By Rachael Gavin
A TV documentary following the world’s toughest military selection process has been a surprise hit, despite being up against tough competition thanks to America’s queen of TV.
SAS – The Search for Warriors, from WA-based production company Prospero Productions, was watched by an impressive 455,000 viewers – an 11.7 per cent share of the audience – when part one aired last week.
Monday night’s second and final instalment reached similar heights but had a slight drop in female viewers thanks to Channel Ten’s Oprah interview special.
Julia Redwood, who co-produced the show with Ed Punchard, says the program’s success has blown them away.
“It’s interesting as to why it’s struck a chord with viewers. There are multiple factors: it hasn’t been done for 25 years and there are two generations of people who have no idea what they do.
“And I also think it’s the rawness and brutality of the guys, it shows them to be the heroes that they are.”
The online video attracted over 11,000 catch-up streams in the first three days after part one aired – a level usually achieved across a full 30-day window for other SBS shows, according to the broadcaster.

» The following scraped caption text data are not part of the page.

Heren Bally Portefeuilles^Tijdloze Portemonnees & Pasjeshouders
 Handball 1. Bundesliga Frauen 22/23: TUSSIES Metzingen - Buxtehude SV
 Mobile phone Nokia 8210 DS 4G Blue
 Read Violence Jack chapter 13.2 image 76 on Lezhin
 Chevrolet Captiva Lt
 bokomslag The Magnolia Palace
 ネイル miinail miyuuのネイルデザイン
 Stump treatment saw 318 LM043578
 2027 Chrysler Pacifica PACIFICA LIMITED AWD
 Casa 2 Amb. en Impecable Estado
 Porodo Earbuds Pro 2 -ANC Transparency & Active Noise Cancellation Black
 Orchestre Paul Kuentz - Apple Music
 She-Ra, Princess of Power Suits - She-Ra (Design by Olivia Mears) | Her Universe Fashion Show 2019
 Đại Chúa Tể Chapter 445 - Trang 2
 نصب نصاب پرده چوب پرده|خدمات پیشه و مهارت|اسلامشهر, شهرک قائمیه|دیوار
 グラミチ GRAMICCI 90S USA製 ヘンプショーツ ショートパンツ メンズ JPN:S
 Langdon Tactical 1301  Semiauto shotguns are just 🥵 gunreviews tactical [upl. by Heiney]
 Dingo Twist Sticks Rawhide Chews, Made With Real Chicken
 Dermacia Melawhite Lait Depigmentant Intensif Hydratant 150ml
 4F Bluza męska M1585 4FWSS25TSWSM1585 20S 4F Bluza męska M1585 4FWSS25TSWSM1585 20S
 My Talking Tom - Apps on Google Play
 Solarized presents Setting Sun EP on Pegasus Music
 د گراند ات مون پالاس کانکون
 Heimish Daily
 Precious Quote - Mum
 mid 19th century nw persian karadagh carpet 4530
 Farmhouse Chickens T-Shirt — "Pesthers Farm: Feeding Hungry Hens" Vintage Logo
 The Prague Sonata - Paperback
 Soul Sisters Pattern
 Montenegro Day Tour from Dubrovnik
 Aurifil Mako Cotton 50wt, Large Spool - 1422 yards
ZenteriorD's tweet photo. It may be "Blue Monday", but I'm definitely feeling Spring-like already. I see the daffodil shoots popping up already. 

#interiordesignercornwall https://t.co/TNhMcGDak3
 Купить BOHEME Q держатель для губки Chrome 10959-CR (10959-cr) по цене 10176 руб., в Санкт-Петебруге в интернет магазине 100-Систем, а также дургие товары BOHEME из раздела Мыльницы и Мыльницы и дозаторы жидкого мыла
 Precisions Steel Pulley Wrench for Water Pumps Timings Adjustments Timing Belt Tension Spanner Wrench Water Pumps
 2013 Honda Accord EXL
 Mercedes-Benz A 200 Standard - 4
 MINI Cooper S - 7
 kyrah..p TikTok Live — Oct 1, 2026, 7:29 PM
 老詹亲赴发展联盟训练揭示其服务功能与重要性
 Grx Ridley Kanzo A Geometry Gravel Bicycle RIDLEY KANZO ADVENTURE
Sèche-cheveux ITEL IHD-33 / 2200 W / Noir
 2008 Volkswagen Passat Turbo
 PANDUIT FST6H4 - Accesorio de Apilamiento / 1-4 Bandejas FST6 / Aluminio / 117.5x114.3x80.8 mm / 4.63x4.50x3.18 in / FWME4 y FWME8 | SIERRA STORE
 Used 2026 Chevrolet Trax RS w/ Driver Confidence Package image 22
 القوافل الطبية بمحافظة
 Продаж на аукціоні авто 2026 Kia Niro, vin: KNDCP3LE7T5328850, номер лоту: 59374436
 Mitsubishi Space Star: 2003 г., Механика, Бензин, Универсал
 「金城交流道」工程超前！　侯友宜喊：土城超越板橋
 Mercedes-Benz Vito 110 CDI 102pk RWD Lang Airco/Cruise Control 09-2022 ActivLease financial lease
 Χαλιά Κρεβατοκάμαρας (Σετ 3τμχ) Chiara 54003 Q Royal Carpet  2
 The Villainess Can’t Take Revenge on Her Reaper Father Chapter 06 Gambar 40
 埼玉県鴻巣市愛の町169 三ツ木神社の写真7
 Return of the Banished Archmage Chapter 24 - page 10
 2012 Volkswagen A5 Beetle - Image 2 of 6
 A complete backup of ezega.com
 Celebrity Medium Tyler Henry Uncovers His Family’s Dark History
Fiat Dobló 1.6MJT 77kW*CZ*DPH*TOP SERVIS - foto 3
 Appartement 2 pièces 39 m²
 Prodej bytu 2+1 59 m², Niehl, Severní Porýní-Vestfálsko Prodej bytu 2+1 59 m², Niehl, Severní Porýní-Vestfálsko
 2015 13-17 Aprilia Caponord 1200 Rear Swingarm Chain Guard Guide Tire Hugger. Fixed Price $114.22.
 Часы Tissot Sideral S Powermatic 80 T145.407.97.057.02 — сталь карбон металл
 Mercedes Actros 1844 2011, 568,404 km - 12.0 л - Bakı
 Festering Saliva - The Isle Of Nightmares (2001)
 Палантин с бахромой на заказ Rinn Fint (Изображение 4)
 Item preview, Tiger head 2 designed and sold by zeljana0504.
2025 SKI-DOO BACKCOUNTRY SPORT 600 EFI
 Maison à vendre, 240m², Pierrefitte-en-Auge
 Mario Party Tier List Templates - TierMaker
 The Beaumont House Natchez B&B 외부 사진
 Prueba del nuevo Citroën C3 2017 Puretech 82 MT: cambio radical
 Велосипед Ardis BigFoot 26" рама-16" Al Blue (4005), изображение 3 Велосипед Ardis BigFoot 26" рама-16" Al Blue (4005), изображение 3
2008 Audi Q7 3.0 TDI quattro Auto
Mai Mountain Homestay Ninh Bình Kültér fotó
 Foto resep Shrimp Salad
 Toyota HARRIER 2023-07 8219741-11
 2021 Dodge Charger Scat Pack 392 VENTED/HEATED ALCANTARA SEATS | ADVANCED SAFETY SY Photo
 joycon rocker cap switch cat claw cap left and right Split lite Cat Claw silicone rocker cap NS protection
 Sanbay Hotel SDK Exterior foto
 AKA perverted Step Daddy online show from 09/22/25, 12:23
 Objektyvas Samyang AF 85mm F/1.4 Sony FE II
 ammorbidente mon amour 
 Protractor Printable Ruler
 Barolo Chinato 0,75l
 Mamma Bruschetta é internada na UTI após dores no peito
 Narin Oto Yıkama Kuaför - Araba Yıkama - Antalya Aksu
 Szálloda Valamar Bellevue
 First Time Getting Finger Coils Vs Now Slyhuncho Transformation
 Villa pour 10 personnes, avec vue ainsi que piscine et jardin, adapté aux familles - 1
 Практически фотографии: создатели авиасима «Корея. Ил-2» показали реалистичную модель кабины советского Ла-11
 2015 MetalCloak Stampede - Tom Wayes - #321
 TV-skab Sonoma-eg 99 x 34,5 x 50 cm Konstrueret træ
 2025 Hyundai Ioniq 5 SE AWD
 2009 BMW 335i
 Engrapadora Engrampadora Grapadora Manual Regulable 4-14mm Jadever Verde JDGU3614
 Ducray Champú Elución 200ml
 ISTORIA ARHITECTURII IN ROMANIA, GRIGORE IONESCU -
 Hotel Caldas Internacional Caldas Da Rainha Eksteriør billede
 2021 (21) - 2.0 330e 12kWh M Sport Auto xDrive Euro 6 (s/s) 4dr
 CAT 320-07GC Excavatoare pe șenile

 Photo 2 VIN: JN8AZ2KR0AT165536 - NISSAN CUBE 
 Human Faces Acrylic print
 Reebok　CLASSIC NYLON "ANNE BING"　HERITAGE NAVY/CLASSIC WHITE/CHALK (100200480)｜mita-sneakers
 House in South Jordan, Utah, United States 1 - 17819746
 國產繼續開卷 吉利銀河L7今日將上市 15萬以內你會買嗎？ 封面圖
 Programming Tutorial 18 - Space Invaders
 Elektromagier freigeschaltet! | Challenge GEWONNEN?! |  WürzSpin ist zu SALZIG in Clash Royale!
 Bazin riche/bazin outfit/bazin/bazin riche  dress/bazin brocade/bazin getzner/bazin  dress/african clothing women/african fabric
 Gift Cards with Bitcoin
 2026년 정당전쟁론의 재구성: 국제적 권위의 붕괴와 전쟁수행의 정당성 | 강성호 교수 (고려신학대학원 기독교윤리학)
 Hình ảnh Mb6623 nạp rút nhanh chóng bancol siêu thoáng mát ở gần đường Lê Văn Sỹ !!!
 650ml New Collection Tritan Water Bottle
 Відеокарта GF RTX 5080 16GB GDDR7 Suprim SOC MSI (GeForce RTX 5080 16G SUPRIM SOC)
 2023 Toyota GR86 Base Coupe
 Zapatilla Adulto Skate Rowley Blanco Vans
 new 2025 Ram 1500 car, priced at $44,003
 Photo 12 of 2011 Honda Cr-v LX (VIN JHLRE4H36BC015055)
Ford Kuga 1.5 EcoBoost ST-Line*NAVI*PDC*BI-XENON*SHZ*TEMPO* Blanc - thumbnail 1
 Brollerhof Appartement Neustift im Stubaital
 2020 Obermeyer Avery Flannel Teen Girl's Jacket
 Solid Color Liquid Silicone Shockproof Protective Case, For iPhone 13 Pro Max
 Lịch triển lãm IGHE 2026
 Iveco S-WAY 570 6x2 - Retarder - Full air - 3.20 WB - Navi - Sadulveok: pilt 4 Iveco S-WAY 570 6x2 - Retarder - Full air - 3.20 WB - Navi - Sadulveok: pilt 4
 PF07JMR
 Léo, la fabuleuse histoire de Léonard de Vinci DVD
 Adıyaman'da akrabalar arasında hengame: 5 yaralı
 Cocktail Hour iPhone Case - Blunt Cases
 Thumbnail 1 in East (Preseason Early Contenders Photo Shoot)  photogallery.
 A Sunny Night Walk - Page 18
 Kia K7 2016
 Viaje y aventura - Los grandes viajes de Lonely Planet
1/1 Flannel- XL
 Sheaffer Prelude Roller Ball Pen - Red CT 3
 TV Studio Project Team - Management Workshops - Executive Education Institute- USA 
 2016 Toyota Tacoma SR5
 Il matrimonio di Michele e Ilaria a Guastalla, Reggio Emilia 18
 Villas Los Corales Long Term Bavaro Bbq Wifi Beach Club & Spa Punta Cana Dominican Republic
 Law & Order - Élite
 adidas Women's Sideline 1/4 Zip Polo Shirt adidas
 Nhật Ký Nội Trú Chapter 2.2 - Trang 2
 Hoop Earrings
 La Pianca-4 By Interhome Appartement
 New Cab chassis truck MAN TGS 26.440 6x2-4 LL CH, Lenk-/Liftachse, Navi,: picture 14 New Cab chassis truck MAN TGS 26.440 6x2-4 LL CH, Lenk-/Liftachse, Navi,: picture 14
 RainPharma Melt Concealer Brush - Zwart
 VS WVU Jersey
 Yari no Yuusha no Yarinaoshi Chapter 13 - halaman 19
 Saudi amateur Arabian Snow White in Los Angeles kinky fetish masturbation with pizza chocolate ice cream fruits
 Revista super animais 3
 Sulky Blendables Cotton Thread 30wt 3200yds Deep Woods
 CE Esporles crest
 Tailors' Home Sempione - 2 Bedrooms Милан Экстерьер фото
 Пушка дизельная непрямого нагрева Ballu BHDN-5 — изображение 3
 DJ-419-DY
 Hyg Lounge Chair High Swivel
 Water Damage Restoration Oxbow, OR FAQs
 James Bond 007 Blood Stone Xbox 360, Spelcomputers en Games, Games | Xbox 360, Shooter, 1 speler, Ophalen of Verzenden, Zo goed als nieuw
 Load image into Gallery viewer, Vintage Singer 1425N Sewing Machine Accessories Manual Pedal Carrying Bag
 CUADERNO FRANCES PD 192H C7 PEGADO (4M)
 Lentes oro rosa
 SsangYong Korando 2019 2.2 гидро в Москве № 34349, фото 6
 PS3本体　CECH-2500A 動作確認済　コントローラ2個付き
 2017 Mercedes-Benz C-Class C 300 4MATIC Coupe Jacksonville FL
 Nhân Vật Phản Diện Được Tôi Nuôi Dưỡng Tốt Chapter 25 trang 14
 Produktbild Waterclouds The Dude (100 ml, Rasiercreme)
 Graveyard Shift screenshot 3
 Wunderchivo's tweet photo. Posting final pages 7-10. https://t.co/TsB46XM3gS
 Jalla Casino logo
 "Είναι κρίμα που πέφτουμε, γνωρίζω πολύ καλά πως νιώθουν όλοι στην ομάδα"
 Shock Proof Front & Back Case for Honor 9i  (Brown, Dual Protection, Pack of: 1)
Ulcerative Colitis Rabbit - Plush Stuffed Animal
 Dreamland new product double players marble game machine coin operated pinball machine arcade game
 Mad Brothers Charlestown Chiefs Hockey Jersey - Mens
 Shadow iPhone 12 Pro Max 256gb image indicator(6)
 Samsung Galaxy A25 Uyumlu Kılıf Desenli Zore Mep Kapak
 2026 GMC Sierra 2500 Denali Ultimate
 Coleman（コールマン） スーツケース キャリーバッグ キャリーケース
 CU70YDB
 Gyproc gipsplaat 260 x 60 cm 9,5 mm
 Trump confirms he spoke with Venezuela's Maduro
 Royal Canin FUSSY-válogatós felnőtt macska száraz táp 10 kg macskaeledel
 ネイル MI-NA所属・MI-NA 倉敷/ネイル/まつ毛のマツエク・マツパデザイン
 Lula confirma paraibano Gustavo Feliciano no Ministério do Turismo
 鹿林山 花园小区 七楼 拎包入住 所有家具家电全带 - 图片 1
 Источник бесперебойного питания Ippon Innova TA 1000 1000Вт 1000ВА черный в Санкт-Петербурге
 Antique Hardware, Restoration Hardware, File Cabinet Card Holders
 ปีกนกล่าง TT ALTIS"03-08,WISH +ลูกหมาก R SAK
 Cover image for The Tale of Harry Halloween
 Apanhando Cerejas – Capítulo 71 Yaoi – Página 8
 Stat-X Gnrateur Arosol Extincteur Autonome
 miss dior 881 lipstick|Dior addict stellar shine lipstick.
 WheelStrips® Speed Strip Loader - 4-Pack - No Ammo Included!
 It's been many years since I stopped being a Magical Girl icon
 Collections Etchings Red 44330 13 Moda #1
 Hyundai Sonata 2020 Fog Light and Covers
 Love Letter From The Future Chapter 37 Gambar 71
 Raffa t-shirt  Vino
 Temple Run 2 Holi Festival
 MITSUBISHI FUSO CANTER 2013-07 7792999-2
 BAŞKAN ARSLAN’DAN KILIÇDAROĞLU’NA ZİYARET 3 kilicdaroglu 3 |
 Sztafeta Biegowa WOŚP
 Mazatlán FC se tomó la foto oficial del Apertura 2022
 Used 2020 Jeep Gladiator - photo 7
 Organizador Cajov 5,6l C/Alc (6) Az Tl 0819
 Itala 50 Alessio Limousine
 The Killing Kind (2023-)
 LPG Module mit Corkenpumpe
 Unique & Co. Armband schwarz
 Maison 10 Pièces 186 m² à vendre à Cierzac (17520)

The Prospero team had wanted to do the series after tasting success with the Navy Divers and Australian Pirate Patrol documentaries but the SAS wasn’t ready for it.
Redwood says the project, which followed 131 men through the harsh 21-day selection process, was later put out to tenure by the SAS. And it was Navy Divers which helped them win the job.
Instinctively, Redwood knew the series would be good.
“Seeing the guys during the selection process, even before training I knew we’d have that rawness. It was the best opportunity to show who they are and what they do.”
But even with the support of the SAS, Redwood admits the biggest challenge for the production team proved to be getting both the military and the network comfortable with identification of the candidates and their stories.
“It was the hardest block for the broadcaster, to get them to trust us and the process. It’s becoming an increasingly difficult in the industry. Lawyers need to go more on trust and good faith.”
As for the future, Redwood says Prospero’s next project will be in the hand of the networks.
“Fingers crossed next year will be a good year. It’s a fragile industry and you’re only as good as your last show.”